▶ Action item
In the records that follow, find the line with "Camiseta lavada con"; from there, retype every line exactly through the line with "University of Notre", which also belongs to the answer.

▶ Raw data
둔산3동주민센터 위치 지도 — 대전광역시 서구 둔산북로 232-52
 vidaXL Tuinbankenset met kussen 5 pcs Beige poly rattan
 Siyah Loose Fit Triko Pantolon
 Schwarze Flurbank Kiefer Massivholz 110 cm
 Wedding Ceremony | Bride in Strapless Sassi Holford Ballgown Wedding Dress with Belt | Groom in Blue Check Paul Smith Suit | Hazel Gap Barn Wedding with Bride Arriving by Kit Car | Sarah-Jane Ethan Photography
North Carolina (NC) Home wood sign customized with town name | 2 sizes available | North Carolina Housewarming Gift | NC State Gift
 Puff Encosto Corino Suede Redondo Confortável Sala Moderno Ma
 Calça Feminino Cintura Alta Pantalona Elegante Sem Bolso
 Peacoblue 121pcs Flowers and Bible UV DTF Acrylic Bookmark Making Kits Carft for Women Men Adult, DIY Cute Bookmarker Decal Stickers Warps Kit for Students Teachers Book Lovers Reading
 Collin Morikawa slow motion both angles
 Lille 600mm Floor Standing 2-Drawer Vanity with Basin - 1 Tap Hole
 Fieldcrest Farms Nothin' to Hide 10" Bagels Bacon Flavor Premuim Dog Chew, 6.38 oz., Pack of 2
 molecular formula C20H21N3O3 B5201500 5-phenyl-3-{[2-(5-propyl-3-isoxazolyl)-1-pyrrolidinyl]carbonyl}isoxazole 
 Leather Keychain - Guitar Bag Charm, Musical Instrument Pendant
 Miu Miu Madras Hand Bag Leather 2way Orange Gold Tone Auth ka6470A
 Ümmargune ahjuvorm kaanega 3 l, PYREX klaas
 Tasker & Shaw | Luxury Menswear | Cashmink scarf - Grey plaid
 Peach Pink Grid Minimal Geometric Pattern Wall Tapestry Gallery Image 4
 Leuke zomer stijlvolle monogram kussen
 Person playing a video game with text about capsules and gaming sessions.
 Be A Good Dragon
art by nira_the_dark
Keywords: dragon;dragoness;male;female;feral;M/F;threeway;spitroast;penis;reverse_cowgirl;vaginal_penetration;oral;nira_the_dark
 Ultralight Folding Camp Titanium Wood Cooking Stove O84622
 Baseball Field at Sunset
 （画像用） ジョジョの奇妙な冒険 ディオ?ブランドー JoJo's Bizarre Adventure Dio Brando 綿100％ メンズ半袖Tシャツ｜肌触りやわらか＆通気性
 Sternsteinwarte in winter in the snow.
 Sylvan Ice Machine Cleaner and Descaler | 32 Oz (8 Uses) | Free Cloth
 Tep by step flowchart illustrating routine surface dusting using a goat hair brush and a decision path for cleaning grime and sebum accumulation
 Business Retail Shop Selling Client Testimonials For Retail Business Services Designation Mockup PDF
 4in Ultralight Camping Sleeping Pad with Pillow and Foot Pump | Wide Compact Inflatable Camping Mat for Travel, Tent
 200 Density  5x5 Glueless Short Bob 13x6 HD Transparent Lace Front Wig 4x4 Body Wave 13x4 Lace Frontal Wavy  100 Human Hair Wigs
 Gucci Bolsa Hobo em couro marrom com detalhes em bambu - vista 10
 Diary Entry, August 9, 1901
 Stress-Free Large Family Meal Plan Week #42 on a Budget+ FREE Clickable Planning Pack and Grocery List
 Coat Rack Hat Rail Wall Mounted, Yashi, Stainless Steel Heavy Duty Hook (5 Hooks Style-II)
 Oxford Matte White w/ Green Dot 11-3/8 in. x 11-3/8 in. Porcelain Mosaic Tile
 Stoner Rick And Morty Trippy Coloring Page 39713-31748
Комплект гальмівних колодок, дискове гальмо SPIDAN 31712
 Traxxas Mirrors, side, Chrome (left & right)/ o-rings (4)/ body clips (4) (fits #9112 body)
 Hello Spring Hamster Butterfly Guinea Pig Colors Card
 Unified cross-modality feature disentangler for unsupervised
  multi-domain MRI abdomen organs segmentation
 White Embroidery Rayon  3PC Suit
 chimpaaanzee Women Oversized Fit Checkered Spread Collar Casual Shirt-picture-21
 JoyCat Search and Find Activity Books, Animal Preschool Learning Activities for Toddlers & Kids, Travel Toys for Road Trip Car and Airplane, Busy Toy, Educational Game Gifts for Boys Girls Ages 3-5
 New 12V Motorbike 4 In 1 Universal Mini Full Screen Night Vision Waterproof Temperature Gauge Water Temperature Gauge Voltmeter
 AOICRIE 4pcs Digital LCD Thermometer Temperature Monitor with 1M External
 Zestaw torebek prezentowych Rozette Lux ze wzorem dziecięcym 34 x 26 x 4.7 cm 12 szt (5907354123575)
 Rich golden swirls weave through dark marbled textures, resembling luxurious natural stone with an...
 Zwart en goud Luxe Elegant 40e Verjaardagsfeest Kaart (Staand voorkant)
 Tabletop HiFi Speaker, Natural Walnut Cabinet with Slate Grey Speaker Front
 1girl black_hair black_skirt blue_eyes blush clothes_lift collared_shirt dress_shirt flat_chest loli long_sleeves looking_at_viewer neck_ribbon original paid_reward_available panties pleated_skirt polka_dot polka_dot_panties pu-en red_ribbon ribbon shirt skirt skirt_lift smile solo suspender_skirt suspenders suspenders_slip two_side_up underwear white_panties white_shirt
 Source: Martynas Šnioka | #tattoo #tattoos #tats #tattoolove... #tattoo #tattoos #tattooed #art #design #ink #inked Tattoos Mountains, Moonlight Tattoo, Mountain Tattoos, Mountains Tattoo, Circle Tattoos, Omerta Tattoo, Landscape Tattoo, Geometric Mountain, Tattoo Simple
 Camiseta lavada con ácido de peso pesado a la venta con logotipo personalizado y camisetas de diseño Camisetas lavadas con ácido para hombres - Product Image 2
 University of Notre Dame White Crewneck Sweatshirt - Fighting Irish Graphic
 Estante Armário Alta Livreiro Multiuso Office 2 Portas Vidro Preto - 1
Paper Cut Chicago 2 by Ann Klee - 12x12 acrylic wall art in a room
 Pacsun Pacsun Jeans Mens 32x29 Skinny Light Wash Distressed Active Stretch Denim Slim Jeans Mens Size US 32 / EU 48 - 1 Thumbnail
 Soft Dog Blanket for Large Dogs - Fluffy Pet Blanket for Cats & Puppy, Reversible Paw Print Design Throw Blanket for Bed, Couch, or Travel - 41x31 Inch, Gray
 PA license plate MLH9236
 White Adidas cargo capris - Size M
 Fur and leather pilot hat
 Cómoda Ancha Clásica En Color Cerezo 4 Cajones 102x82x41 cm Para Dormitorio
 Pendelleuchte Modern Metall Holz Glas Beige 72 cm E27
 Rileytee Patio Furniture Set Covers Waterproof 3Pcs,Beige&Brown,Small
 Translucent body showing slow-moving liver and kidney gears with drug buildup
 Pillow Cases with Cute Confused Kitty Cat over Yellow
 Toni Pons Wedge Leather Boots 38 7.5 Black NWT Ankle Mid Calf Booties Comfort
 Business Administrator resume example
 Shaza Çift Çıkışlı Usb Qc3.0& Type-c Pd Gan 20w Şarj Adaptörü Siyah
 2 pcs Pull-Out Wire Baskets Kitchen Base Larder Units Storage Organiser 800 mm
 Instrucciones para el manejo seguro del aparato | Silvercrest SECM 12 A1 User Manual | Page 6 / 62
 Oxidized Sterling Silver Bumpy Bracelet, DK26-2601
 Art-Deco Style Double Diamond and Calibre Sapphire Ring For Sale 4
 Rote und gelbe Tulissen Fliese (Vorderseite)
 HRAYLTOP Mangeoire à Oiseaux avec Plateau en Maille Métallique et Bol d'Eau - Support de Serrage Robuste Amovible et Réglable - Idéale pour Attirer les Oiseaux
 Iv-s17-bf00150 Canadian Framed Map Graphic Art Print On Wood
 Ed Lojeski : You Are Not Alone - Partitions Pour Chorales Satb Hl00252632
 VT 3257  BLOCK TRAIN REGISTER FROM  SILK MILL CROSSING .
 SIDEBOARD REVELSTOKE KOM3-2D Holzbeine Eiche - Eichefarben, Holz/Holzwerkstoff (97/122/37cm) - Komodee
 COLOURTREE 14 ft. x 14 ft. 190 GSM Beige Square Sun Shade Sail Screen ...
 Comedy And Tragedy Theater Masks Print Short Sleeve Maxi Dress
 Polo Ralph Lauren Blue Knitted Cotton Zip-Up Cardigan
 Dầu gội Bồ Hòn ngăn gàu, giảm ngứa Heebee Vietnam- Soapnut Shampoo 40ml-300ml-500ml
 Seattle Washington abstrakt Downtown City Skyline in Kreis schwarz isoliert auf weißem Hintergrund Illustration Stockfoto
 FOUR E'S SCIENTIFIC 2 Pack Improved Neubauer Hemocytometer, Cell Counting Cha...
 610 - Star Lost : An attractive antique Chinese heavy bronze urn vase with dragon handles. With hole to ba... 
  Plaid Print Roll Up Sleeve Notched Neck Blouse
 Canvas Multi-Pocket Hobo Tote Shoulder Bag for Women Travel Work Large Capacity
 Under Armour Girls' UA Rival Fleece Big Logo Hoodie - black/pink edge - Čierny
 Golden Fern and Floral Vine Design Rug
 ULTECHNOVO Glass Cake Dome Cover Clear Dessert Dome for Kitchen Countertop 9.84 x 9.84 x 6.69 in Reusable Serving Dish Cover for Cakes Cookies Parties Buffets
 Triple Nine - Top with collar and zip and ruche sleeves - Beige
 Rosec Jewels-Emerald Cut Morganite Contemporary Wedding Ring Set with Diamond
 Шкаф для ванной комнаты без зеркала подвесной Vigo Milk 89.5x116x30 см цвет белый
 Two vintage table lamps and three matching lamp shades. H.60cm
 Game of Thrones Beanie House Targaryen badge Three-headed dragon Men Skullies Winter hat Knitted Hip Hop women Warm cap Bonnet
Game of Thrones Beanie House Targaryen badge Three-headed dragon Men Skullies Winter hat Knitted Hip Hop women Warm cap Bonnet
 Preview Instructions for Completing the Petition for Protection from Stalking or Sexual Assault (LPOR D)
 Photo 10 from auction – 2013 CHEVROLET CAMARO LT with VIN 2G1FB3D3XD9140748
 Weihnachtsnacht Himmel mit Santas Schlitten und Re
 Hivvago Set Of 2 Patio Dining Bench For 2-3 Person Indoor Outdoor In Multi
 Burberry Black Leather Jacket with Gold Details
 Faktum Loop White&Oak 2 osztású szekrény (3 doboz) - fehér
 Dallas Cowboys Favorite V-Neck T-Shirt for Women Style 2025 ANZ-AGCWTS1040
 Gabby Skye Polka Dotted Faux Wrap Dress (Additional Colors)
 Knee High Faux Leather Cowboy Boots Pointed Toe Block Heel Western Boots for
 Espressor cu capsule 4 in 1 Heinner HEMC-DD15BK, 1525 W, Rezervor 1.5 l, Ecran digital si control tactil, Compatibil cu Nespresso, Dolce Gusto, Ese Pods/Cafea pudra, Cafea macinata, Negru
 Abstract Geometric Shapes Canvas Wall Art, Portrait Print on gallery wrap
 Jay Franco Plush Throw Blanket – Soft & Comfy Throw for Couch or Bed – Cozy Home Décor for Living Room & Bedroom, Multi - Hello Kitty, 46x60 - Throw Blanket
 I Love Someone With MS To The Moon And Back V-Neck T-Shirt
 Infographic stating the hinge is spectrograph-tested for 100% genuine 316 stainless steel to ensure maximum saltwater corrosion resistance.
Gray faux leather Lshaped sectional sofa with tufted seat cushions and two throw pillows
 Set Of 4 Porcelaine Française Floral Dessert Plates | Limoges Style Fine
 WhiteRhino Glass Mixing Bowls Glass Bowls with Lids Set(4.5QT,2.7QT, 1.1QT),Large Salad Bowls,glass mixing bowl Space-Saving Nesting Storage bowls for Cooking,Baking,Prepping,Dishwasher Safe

▶ Response below
 Camiseta lavada con ácido de peso pesado a la venta con logotipo personalizado y camisetas de diseño Camisetas lavadas con ácido para hombres - Product Image 2
 University of Notre Dame White Crewneck Sweatshirt - Fighting Irish Graphic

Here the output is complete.